Doc ref: 37884/97 • ECHR ID: 001-4616

Document date: May 25, 1999

Cited paragraphs only

SECOND SECTION

DECISION

AS TO THE ADMISSIBILITY OF

Application no. 37884/97

by Jozef BONDA

against Slovakia

The European Court of Human Rights (Second Section) sitting on 25 May 1999 as a Chamber composed of

Mr C. Rozakis , President ,

Mr M. Fischbach ,

Mr G. Bonello ,

Mrs V. Strážnická ,

Mr P. Lorenzen ,

Mr A.B. Baka ,

Mr E. Levits , Judges ,

with Mr E. Fribergh, Section Registrar ;

Having regard to Article 34 of the Convention for the Protection of Human Rights and Fundamental Freedoms;

Having regard to the application introduced on 30 June 1997 by Jozef BONDA  against Slovakia and registered on 23 September 1997 under file no. 37884/97;

Having regard to the report provided for in Rule 49 of the Rules of Court;

Having deliberated;

Decides as follows:

THE FACTS

The applicant is a Slovak national, born in 1927 and living in Bratislava.

The facts of the case, as submitted by the applicant, may be summarised as follows.

A. Particular circumstances of the case

The applicant, his wife and his son co-owned, together with six other individuals, a land in Stupava which they had jointly purchased in 1983. The four families co-owning the property built cottages on the land and reached an agreement as regards its use. In 1987 two co-owners requested that they should be authorised to accede to their cottage by a car across the plot used by the applicant and his family. An agreement was not reached and the two co-owners brought proceedings with a view to having the co-ownership dissolved.

On 28 June 1988 the Bratislava- vidiek District Court ( Okresný súd ) dissolved the co-ownership and determined the owners of the individual plots forming the estate. It considered such a solution necessary in order to ensure a peaceful enjoyment of the property by all persons involved and also in order to enable the claimants to accede to the plot attributed to them.

On 4 January 1989 the Bratislava Regional Court ( Krajský súd ) modified the first instance judgment in that it re-distributed the property with a view to ensuring all owners a direct access to their plots. Since the shares of the former co-owners could not be entirely respected, the persons concerned were granted a compensation.

On 27 June 1990 the Supreme Court ( Najvyšší súd ) quashed the judgment as the facts had not been established with sufficient certainty. In particular, the Supreme Court considered that the Regional Court should have explored in more detail the possibility of dividing the property in accordance with the co-owners’ shares.

The case was sent back to the Regional Court.
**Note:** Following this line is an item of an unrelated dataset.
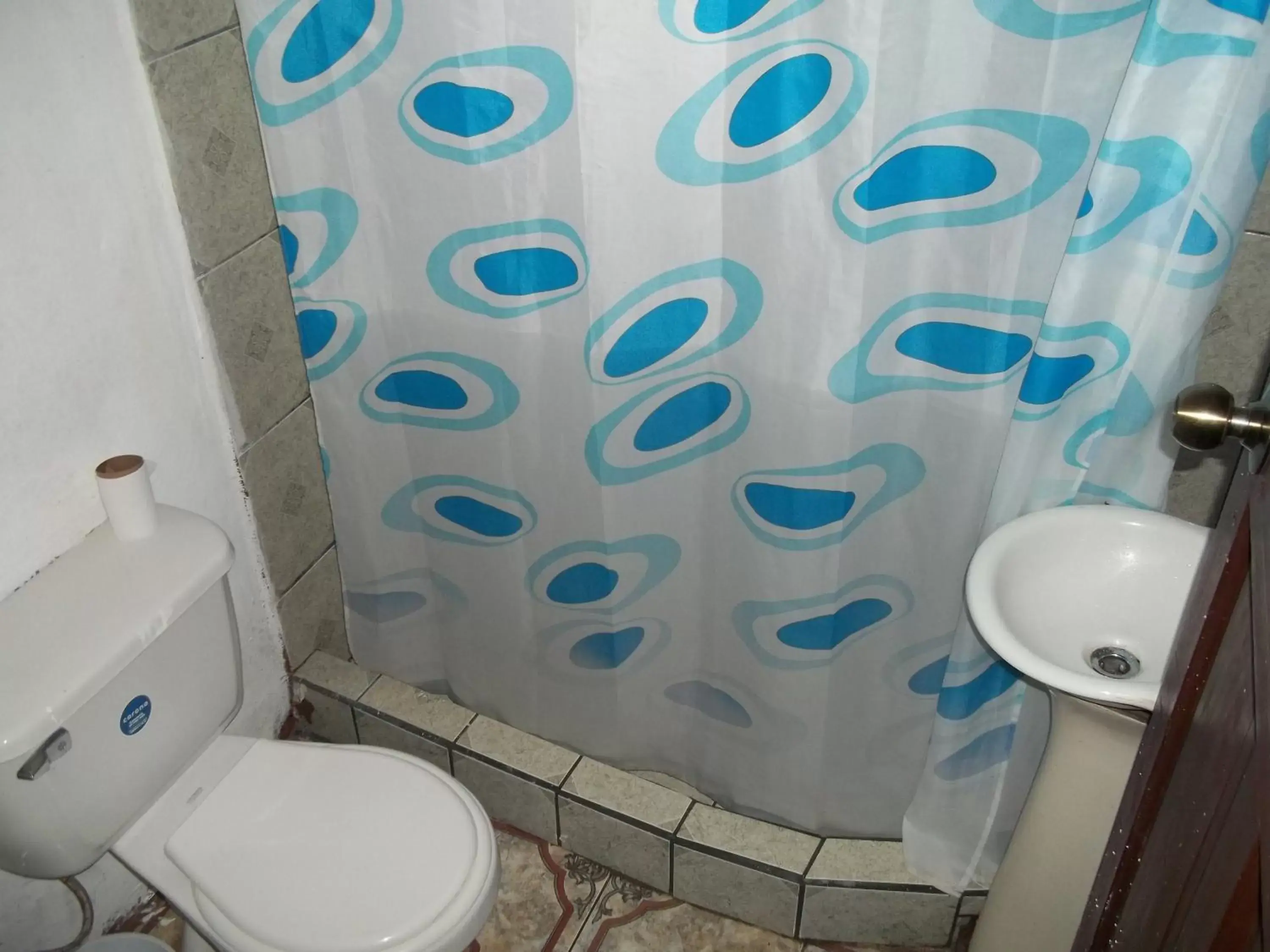 Family Room with Bathroom in ApartHotel Villa Pacande & Rooms Family Room with Bathroom in ApartHotel Villa Pacande & Rooms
On 30 August 1993 an expert appointed by the latter submitted his opinion on the division of the land. Another expert opinion concerning different issues was submitted on 13 July 1994.
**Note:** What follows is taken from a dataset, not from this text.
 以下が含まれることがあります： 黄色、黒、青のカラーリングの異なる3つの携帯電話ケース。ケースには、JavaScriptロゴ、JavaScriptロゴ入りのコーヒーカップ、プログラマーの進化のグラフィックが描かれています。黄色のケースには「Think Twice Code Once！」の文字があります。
At a hearing held on 12 October 1994 the applicant requested an adjournment of the case as he had not been given an opportunity, despite his two requests to this effect, to examine the case-file. The applicant further challenged the two expert opinions. As regards the opinion of 30 August 1993, the applicant alleged that the data used by the expert were not correct, that the expert had not taken into account all the relevant facts and that the claimants’ request for access to their plot with a car was not justified. The applicant suggested that the Regional Court should order a second expert opinion on these issues.

The court scheduled another hearing for 21 October 1994 so that the applicant could study the case-file on 13 and 14 October 1994.

On 14 and 19 October 1994 the applicant challenged the presiding judge of the Regional Court. The applicant considered that the judge lacked independence and impartiality as he disregarded the opinion expressed in the Supreme Court’s judgment of 27 June 1990 and since he envisaged to accept the expert opinion of 30 August 1993 which was based on false facts. He also complained that the judge was not willing to order a second expert opinion.

On 25 October 1994 the Supreme Court dismissed the applicant’s request. It considered that a mere objection to the way in which the judge proceeded with the case was not a relevant reason for his exclusion. The Supreme Court noted that the applicant had not substantiated his allegation that the judge was biased. It qualified the applicant’s request as an attempt to interfere with the court’s independence in deciding on the case.

The Supreme Court’s decision was signed by a judge and stated that it was adopted in accordance with Section 16 (1) of the Code of Civil Procedure (see “Relevant domestic law and practice” below). On 13 December 1994 the president of the civil law section of the Supreme Court informed the applicant that the decision of 25 October 1994 had been taken by chamber no. 3Cdo and not by a single judge as alleged by the applicant.

Another hearing before the Regional Court was scheduled for 14 December 1994. The applicant requested that the proceedings be adjourned. He alleged that the case was not ready for adjudication, that the Supreme Court’s decision of 25 October 1994 had not been taken by a chamber as required by Section 16 (1) of the Code of Civil Procedure and that his request of 8 December 1994 to be allowed to consult the case-file had not been granted.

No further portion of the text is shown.